Assumes self.init_appliers() was run and is up-to-date.
var: str
variable name to get applier for, or string ‘snaps’.
‘snaps’ –> get ‘snaps’ applier from forall, else crash.
else –> get first match from byvars.
missing_ok: bool
When var has no match in self:
if missing_ok: return SubsamplingIdentity instance.
otherwise: raise SubsamplingNotFoundError.
get_var_info(var, default=UNSET)

returns the (mode, info, array_dims, None_or_snaps_mode_and_info) for var within self.

default: UNSET or any object

if var not found, return default if provided, else raise SubsamplingNotFoundError
has_byvars_snaps()

return True if ‘snaps’ in any byvars, else False.

has_forall_snaps()

returns True if ‘snaps’ in ‘forall’, else False.

classmethod implied_from(json_or_filename_or_info, **kw_cls)

return cls object from json, filename, or SubsamplingInfo object.

init_appliers()

initialize all subsampling appliers for this SubsamplingInfo object.

init_checks()

do some sanity checks about this SubsamplingInfo object.

Raise SubsamplingFormatError if any checks fail.
Here, checks:
- uniqueness of var keys: expect to not have exact same var key appear in multiple places.
- snaps can appear in forall or byvars, but not both.
- array_dims can appear in forall or byvars, but not both.
- array_dims must be provided (possibly via forall) for any byvars dict with at least 1 var.
init_meta()

initialize self.meta. None remains None. UNSET becomes code_snapshot_info().
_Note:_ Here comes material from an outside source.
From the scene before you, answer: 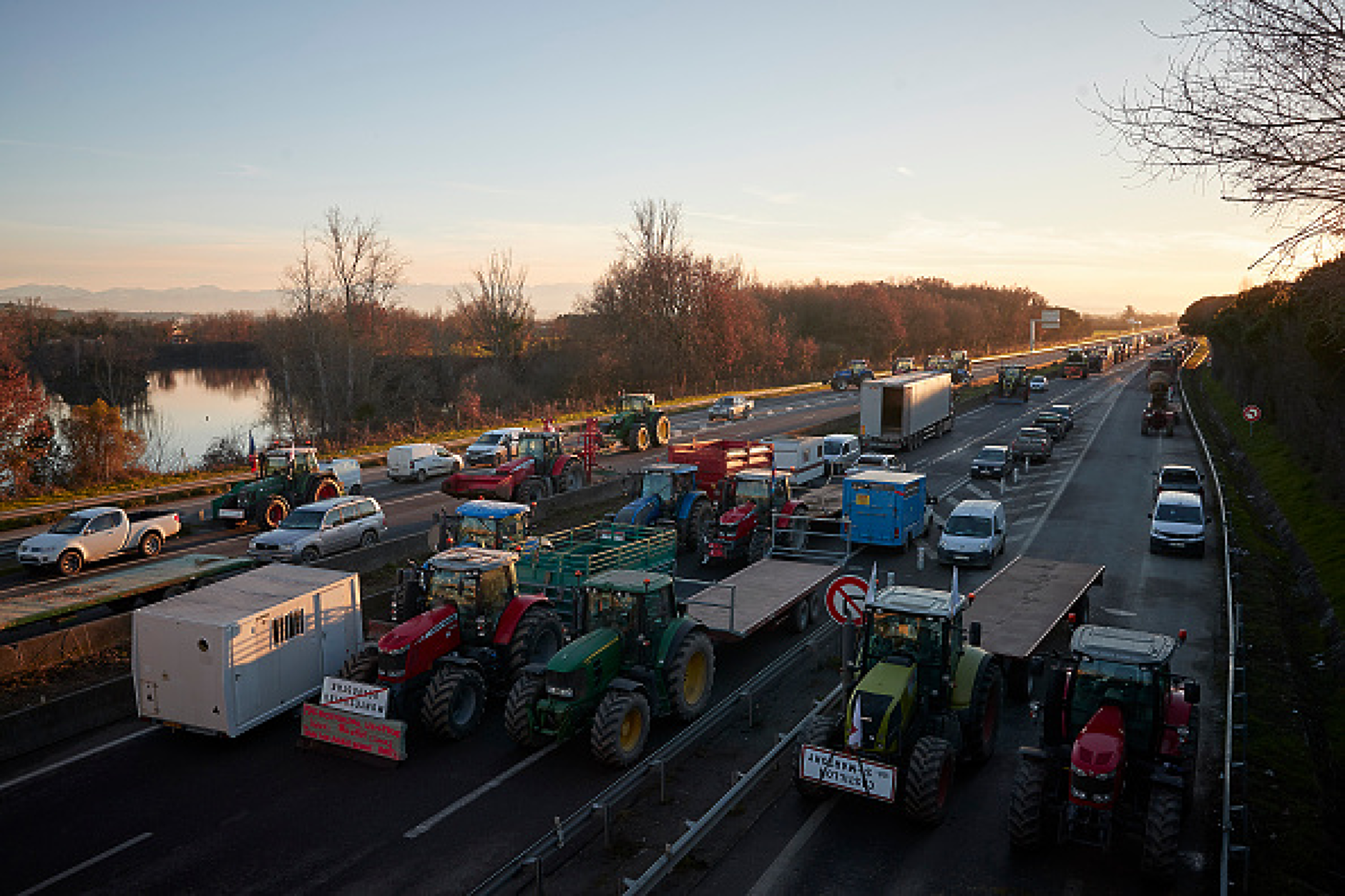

classmethod load(file_or_dir=None, **kw_cls)

load based on subsampling_info.txt.

file_or_dir: None or str

where to load from.
None –> load from current directory
directory –> load from ‘subsampling_info.txt’ here,
or from ‘subsampling_info/subsampling_info.txt’ here.
file –> load from this file.
static register_applier_mode(cls_applier_to_register, mode=None)

register cls_applier_to_register as a known applier mode for subsampling.

save(dir='.')

saves subsampling info. Return SubsamplingInfoPathManager instance with relevant paths.

Crashes if this would overwrite any existing files.
dir: str
save to ‘subsampling_info/subsampling_info.txt’ within this directory,
or to ‘subsampling_info.txt’ within this dir if dir basename == ‘subsampling_info’.
Also saves ‘subsampling_meta.txt’ if relevant, at same level as subsampling_info.txt.
subsampling_path_manager_cls

alias of SubsamplingInfoPathManager

update_meta(d)

self.meta.update(d). If self.meta is None, keep it as None.